**What the exercise asks:** The lines to be extracted run from the start of the listing through the line containing "沙井新和大道精装300平~1000平厂房出租，设施设备齐全"; copy them exactly and nothing else.

**Records supplied:**

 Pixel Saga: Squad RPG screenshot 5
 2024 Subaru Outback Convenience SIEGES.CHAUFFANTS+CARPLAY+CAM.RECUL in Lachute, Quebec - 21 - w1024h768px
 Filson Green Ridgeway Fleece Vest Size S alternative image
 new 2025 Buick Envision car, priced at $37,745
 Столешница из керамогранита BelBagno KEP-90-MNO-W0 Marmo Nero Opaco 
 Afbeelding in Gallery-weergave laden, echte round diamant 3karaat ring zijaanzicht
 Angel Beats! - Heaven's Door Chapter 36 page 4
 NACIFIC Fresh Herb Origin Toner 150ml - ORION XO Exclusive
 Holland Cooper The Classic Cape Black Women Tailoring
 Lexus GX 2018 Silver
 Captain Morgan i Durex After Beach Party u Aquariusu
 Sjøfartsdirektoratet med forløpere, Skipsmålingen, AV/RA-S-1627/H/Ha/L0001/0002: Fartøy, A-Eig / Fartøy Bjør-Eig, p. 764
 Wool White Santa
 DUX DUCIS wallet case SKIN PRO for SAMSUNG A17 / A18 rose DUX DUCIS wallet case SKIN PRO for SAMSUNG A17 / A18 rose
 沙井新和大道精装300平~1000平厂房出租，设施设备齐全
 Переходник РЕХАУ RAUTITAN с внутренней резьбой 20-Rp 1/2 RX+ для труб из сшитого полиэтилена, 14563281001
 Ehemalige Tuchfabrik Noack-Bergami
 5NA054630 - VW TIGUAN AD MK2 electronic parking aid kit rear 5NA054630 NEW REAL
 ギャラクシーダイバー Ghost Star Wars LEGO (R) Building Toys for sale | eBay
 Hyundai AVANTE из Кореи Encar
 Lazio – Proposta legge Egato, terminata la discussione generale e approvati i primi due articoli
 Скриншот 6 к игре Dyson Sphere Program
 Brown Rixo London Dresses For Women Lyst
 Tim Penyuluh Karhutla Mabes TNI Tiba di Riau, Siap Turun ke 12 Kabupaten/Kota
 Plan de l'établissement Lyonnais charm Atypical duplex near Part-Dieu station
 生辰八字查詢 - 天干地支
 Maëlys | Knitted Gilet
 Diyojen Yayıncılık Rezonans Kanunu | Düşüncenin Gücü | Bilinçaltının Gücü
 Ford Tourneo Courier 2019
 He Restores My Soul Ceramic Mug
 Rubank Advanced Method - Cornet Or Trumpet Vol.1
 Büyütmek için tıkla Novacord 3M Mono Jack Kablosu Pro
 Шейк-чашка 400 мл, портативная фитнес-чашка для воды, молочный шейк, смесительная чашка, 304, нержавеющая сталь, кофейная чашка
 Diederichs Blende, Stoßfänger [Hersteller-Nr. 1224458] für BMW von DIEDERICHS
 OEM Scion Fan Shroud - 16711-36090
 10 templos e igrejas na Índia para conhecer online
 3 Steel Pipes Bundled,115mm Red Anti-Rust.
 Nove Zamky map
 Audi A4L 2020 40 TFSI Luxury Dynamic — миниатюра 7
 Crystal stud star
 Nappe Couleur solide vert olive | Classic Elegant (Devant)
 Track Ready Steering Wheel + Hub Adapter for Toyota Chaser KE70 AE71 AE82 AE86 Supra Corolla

**Response for this exercise:**
 Pixel Saga: Squad RPG screenshot 5
 2024 Subaru Outback Convenience SIEGES.CHAUFFANTS+CARPLAY+CAM.RECUL in Lachute, Quebec - 21 - w1024h768px
 Filson Green Ridgeway Fleece Vest Size S alternative image
 new 2025 Buick Envision car, priced at $37,745
 Столешница из керамогранита BelBagno KEP-90-MNO-W0 Marmo Nero Opaco 
 Afbeelding in Gallery-weergave laden, echte round diamant 3karaat ring zijaanzicht
 Angel Beats! - Heaven's Door Chapter 36 page 4
 NACIFIC Fresh Herb Origin Toner 150ml - ORION XO Exclusive
 Holland Cooper The Classic Cape Black Women Tailoring
 Lexus GX 2018 Silver
 Captain Morgan i Durex After Beach Party u Aquariusu
 Sjøfartsdirektoratet med forløpere, Skipsmålingen, AV/RA-S-1627/H/Ha/L0001/0002: Fartøy, A-Eig / Fartøy Bjør-Eig, p. 764
 Wool White Santa
 DUX DUCIS wallet case SKIN PRO for SAMSUNG A17 / A18 rose DUX DUCIS wallet case SKIN PRO for SAMSUNG A17 / A18 rose
 沙井新和大道精装300平~1000平厂房出租，设施设备齐全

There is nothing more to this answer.